++++ GIVEN ENTRIES

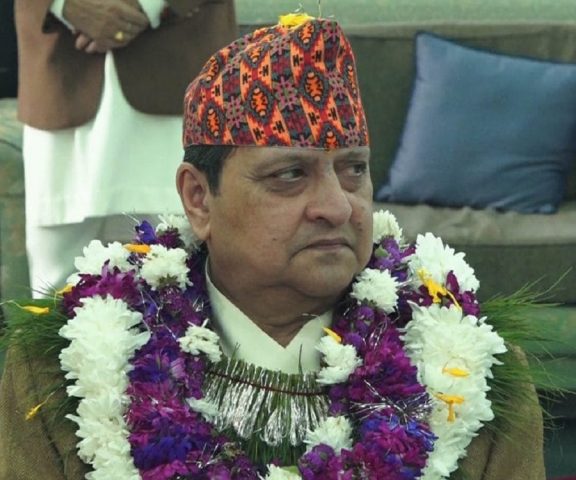साइत अगाडि नै टीका लगाएर पूर्वराजाले दिए ‘चेतावनी’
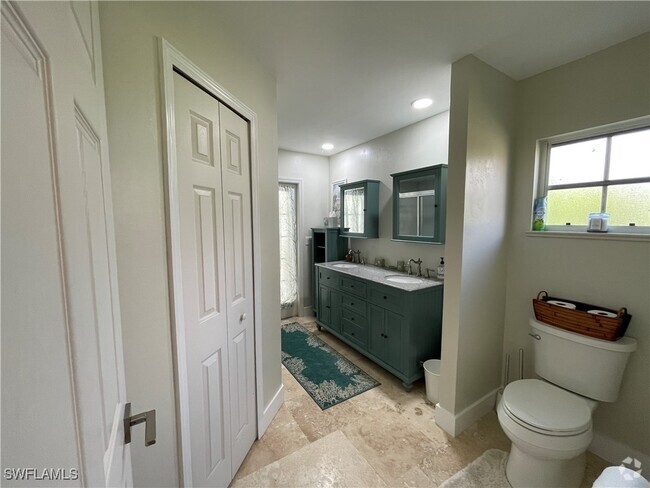 Building Photo - 4436 SE 11th Pl Rental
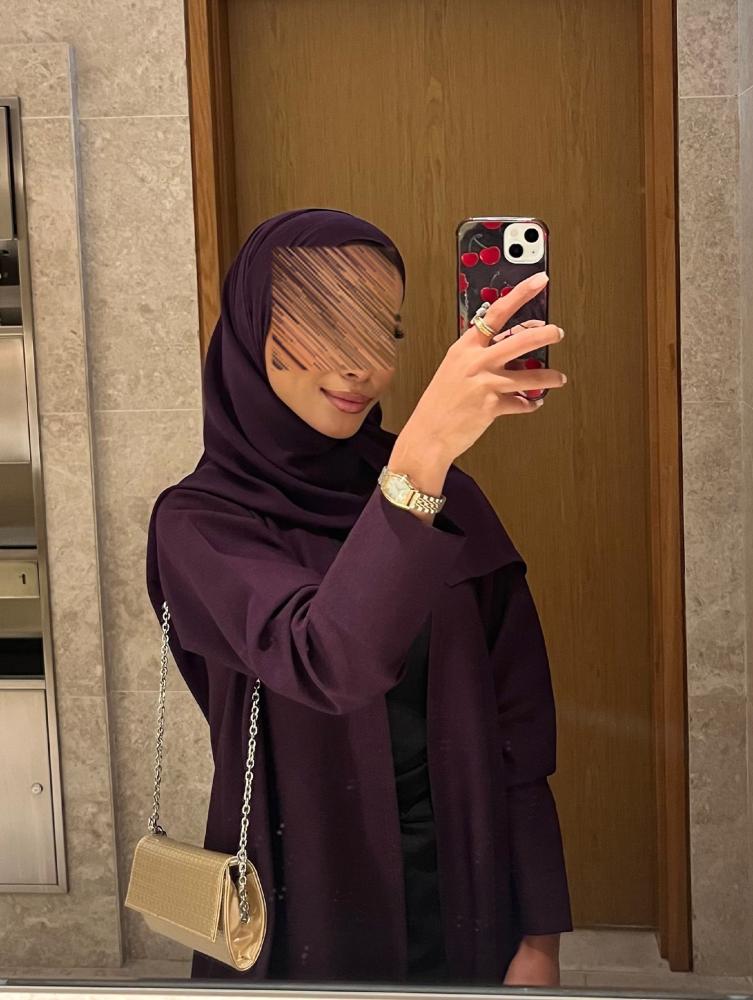 عباية بليزر بقصة مستقيمة وانسيابية بلمسة فاخرة وأكمام _ أوريا لاين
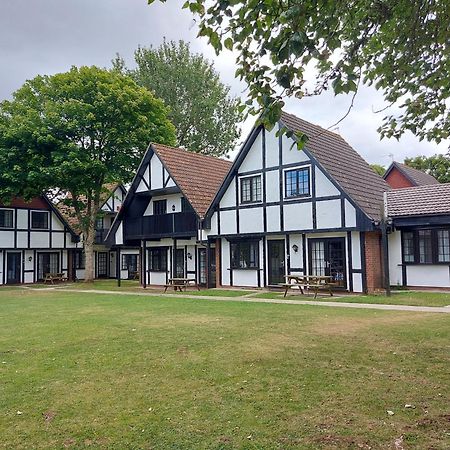 3.9. Tudor Court Hayle Ngoại thất bức ảnh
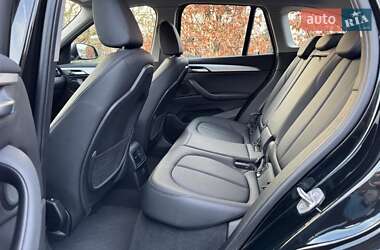 Позашляховик / Кросовер BMW X1 2021 в 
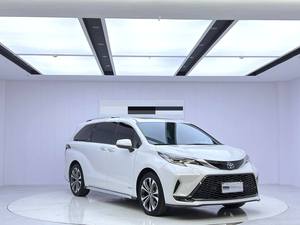 <span class=keywords><strong>Toyota</strong></span> Granvia 2.5L Essence MPV 2023 d'<span class=keywords><strong>occasion</strong></span> avec volant à gauche, sièges foncés et en bon état - Product Image 6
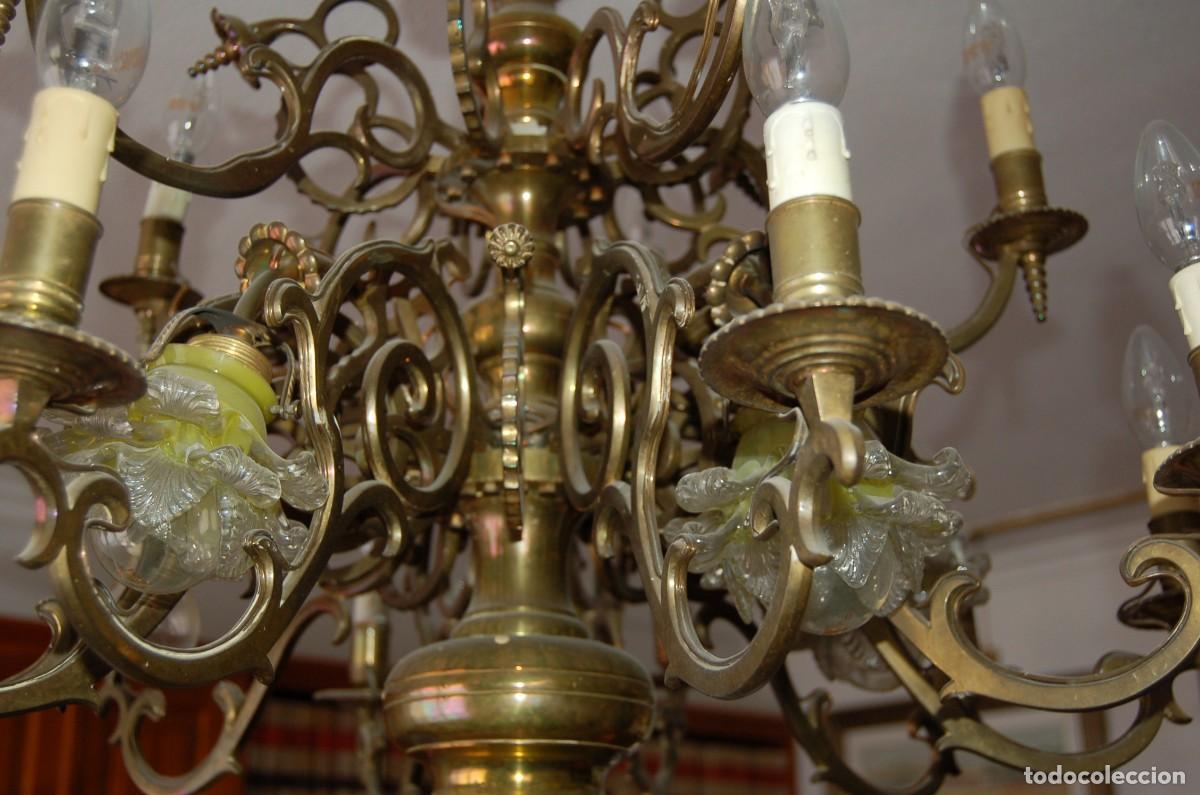 Vintage: LAMPARA DE TECHO EN BRONCE ADAPTADA A ELECTRICIDAD. - Foto 3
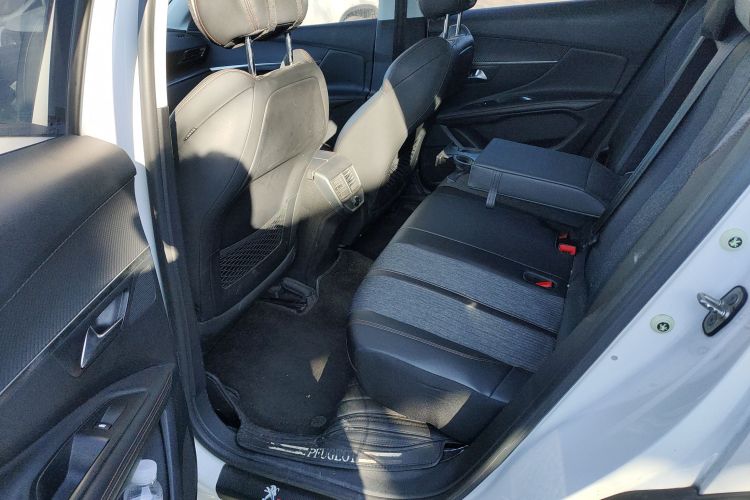 标致4008 2017款 350THP 精英版中控内饰21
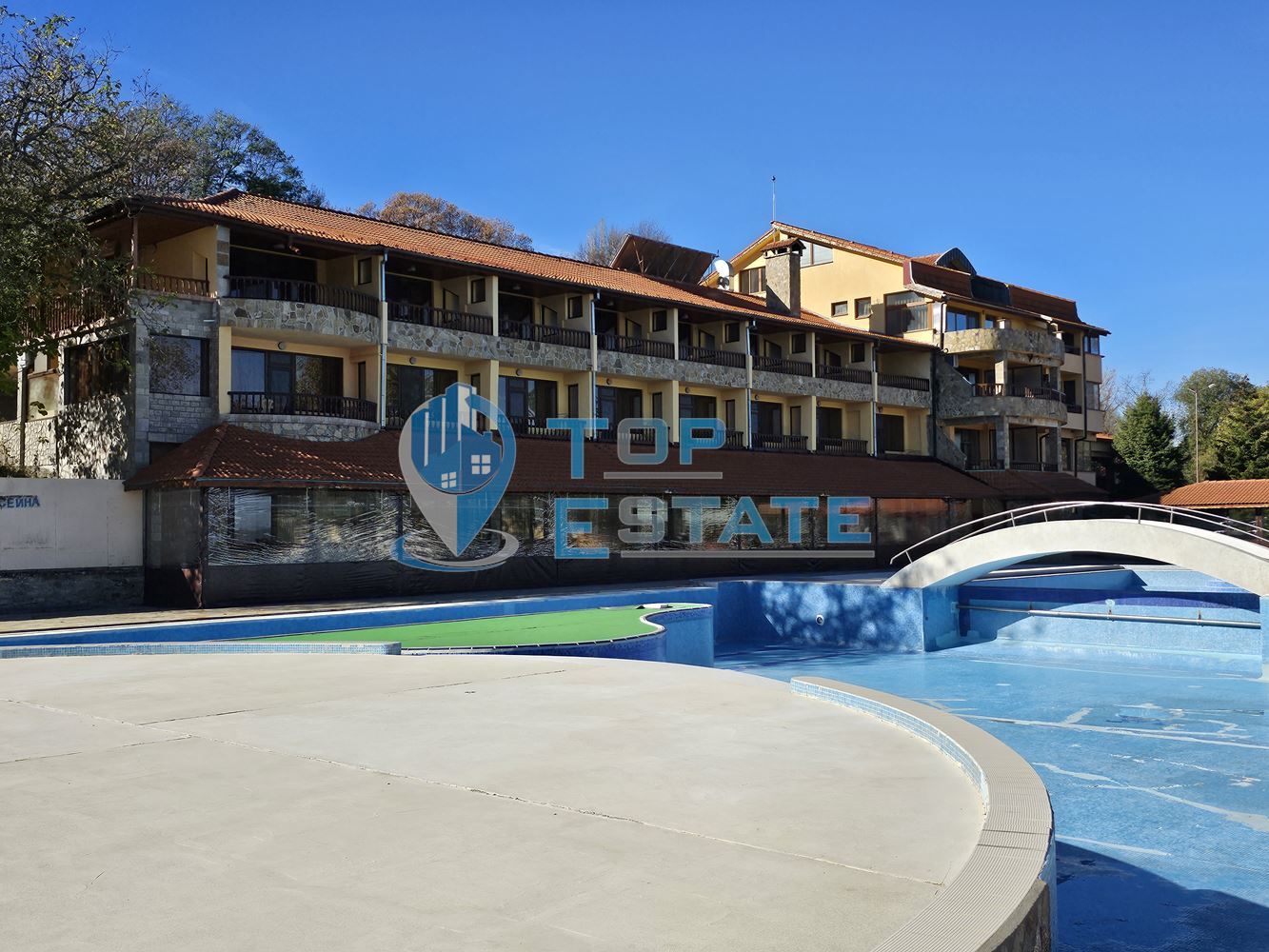 Хотел с три басейна и прекрасна панорама над гр. Лясковец-0 Хотел с три басейна и прекрасна панорама над гр. Лясковец - 0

++++++++

• _PROBLEM DETAILS_
Every line from the one containing "标致4008 2017款 350THP 精英版中控内饰21" through the end of the entries above, both included, should be extracted exactly, with pictures left out.

• _TASK ANSWER_
 标致4008 2017款 350THP 精英版中控内饰21
 Хотел с три басейна и прекрасна панорама над гр. Лясковец-0 Хотел с три басейна и прекрасна панорама над гр. Лясковец - 0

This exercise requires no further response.